- The Mayo Clinic is partnering with tech giant Google to streamline its digital operations, the Rochester, Minnesota-based provider announced Tuesday. Google will open a new office in Rochester as part of the 10-year arrangement, further evidence of the company's ongoing interest in the healthcare space.
- Mayo hopes to leverage Google's artificial intelligence and machine learning capabilities to advance its digital diagnostics, augment its ability to conduct medical research and improve treatment precision and clinical outcomes.
- Google Cloud will host health data collected at Mayo Clinic, and, though the health system will continue to control how the data is accessed and used, the data will be employed for research and product creation in tandem with third party partners, including Google. Financial terms of the deal were not disclosed.
Such partnerships are increasingly common as tech behemoths like Apple, Google and Amazon move further into the lucrative space. Dozens of healthcare companies and groups host their data in Google Cloud, including the American Cancer Society, Cleveland Clinic, Doctor on Demand and Kaiser Permanente. Now, the digital colossus can add Mayo Clinic to that list.
The nonprofit academic medical center with campuses across Minnesota, Arizona and Florida, is highly regarded across the country for consumer satisfaction and quality of care, so the deal could add legitimacy to Google's continued efforts in the industry.
It's not clear what specific health problems or disease burdens the two companies will research first or what products they'll develop.
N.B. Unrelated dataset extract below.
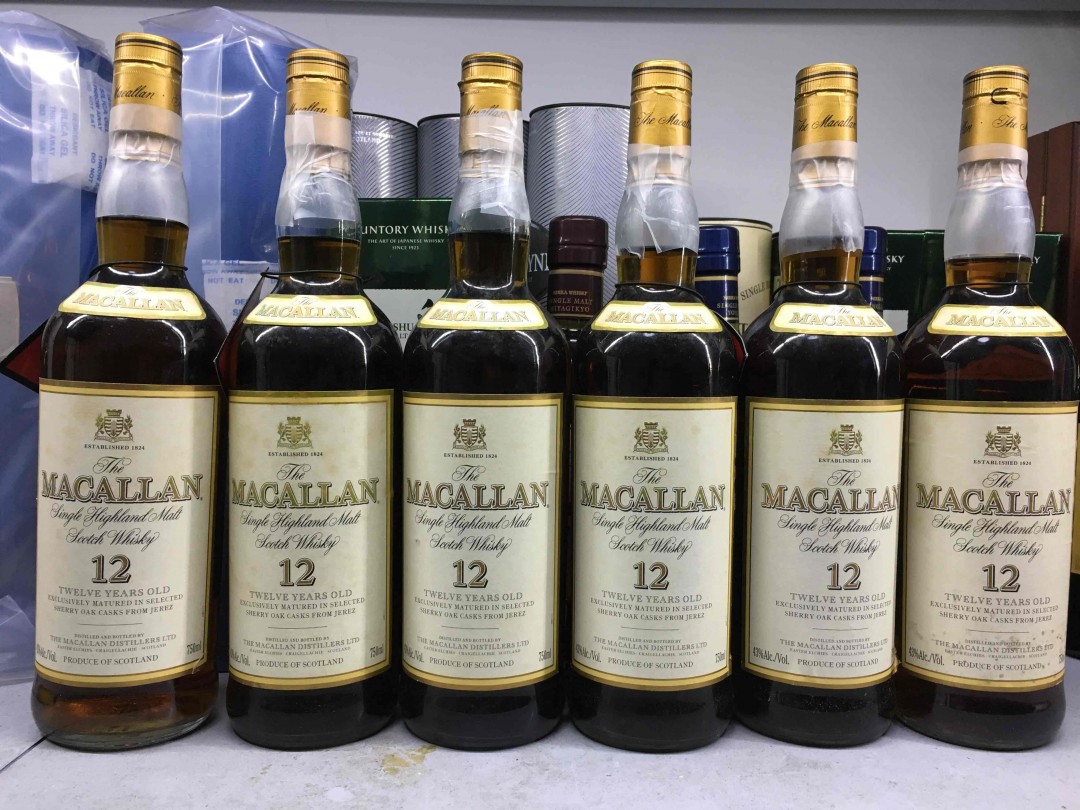 买老酒会上瘾～😣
Though Mayo Clinic will have to specifically authorize use of patients' health data collected in Google Cloud, the fact that the data will be used for third-party projects is likely to raise privacy concerns among patient advocates. Healthcare leads all U.S. industries in terms of data breaches, propelled in part by an overwhelming tide of information and myriad companies with access to it.
Healthcare data analytics is particularly competitive, estimated to reach $50.5 billion globally by 2024. A crop of new startups and offerings from existing players emerge daily.
Another crowded area for tech giants, healthcare cloud computing, is estimated to reach $55 billion by 2025. Companies like Amazon, Microsoft, IBM and more are forming partnerships with existing health companies as more health systems move trillions of data points to the cloud and look for ways to leverage them to improve care delivery and cut costs.